My dad guessed a 1958 Oldsmobile — pretty close. When I pulled up behind Mystery Car 89 last Saturday, I had just gotten off work. It was a treat to pull up behind a classic from the 1960’s with such distinctive tail lights. But it was still one that I was unfamiliar with. The traffic light was still red, so I pulled as close as possible to read the name on the trunk lid … Starfire! Hmm… that really didn’t do much for me. I figured it was a Pontiac or some GM model of the mid 60’s. But it wasn’t until I got home that the internet revealed that Mystery Car 89 was an early Oldsmobile Starfire probably a 1961 or 62 model.
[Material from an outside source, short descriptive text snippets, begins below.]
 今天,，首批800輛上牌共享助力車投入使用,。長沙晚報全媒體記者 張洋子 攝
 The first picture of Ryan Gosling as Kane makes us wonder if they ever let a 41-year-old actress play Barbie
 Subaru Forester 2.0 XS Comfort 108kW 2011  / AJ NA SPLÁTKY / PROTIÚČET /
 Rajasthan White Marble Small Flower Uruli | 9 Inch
According to Wikipedia, Oldsmobile stole the name from a famous Lockheed fighter jet of the 1950’s. I guess jets were all the rage back then. In fact, when I was a kid our church youth group was still called the Jet Cadets in the 1970’s. So, this was probably a trendy name in the 60’s. In any event, the car eventually became a reality for model years 1961-66. The Starfire was produced as a convertible and coupe and came with either a 394 cubic inch (6.5L) or 425 cubic inch (7.0L) engine. As you can imagine, these engines put out as much as 375 hp (slightly more than my Corvair).
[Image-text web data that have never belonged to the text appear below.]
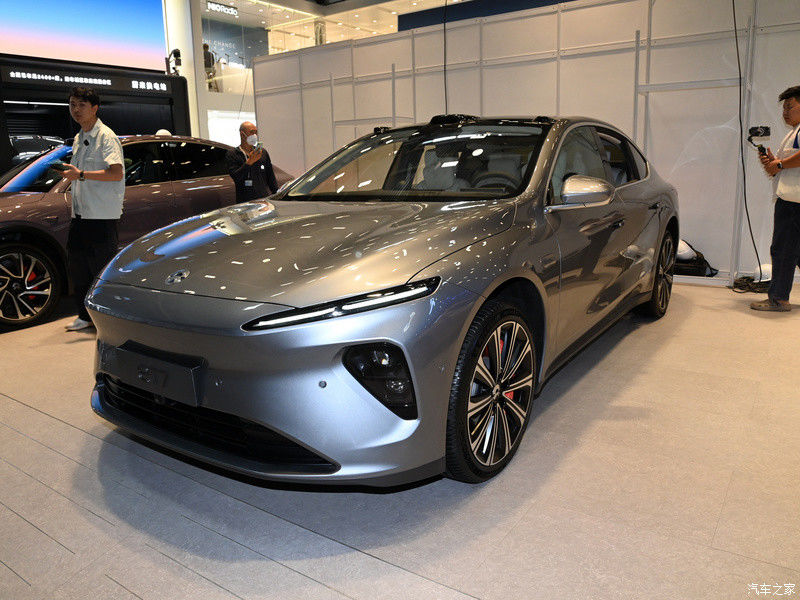 وسایل نقلیه انرژی جدید 2024 Nio ET7 Weilai وسایل نقلیه الکتریکی 75kwh 200km/h ماشین با سرعت بالا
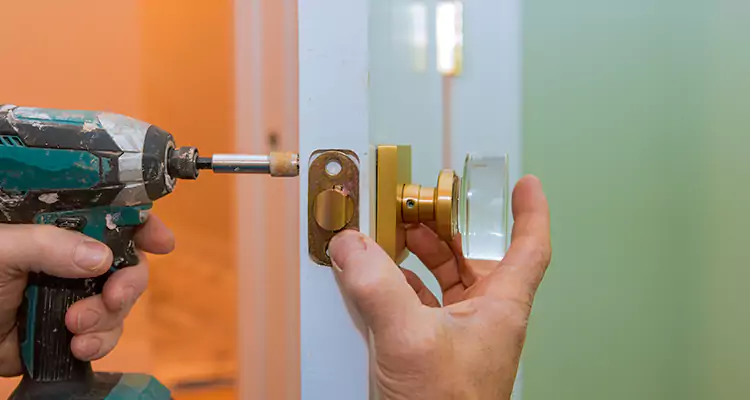 Broken Door Knob Fix in Lake Magdalene, FL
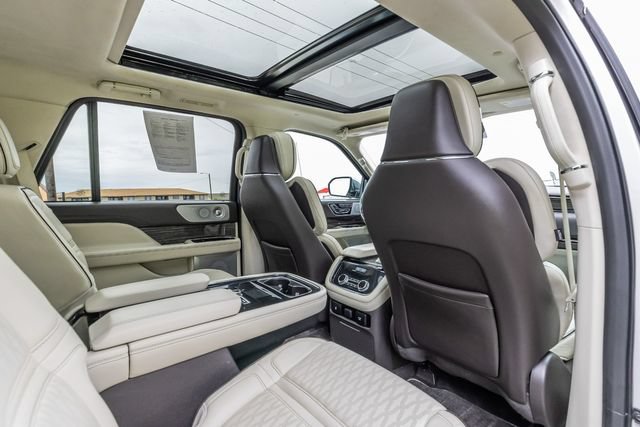 Used 2019 Lincoln Navigator Black Label AWD/4WD image 19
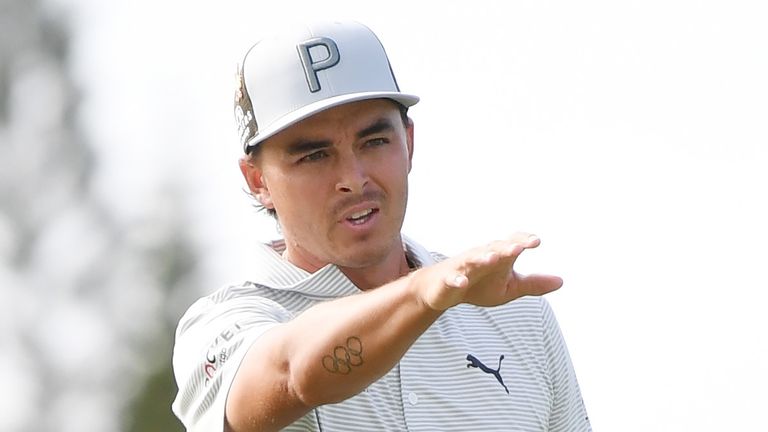 Rickie Fowler heads into the weekend on seven under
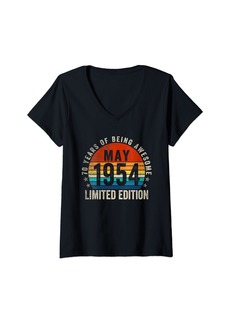 Born Womens Vintage May 1954 Limited Edition 70th Birthday 70 Years Old V-Neck T-Shirt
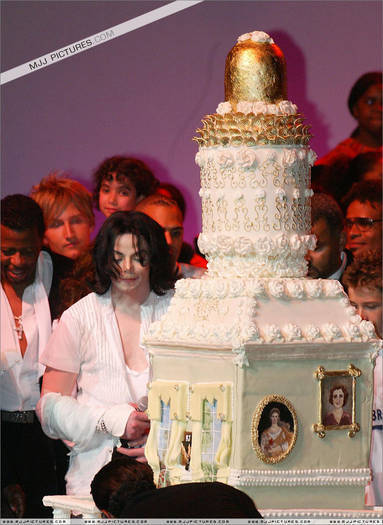 IKSPDQFEMLLAXGKQLGS - Michael Jackson s Birthday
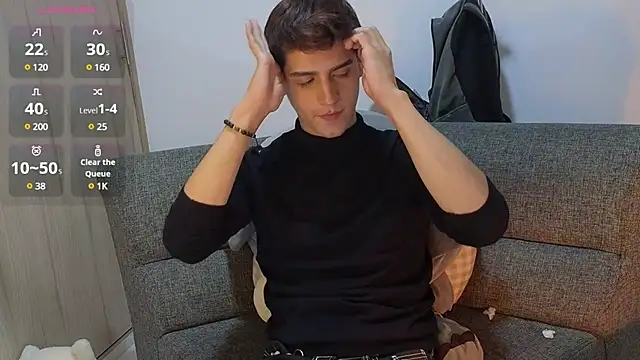 Snapshot of zackary_0 chatting on December 15, 2024, 1:57 am zackary 0 online show from December 15, 2024, 1:57 am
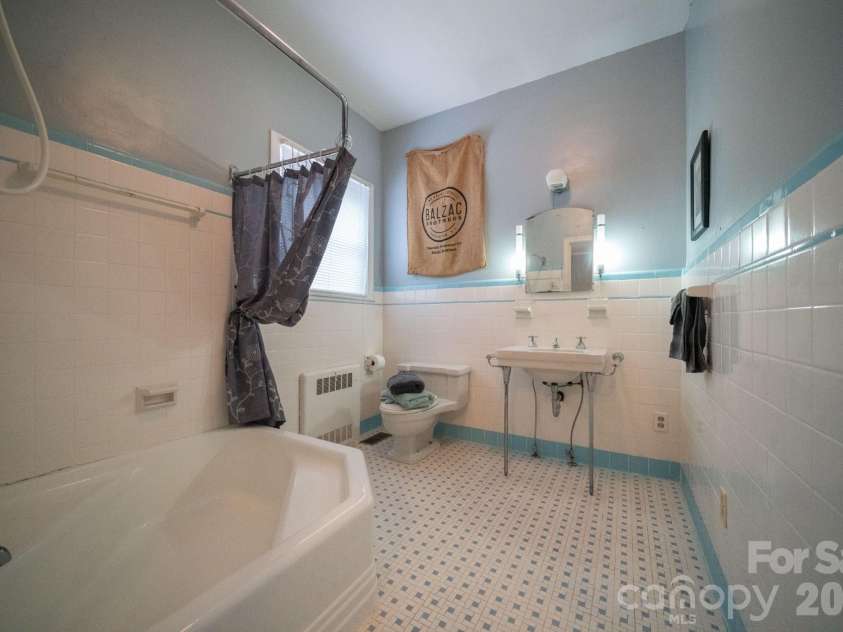 11 Kings Mountain Street, York, SC 29745.  MLS# CAR4408114, YatesRealty ID 43069.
The Starfire name was discontinued until 1975 when Oldsmobile made their own version of the Chevy Monza (1975-80). That’s when every GM brand jumped on board: Chevy Monza, Pontiac Sunbird, Olds Starfire, Buick Skyhawk and … . Hmm … I guess Cadillac didn’t make an H-Body variant. But really, what would they have called a baby Cadillac in the 70’s anyway … a Catera? Nah! They’d never stoop so low.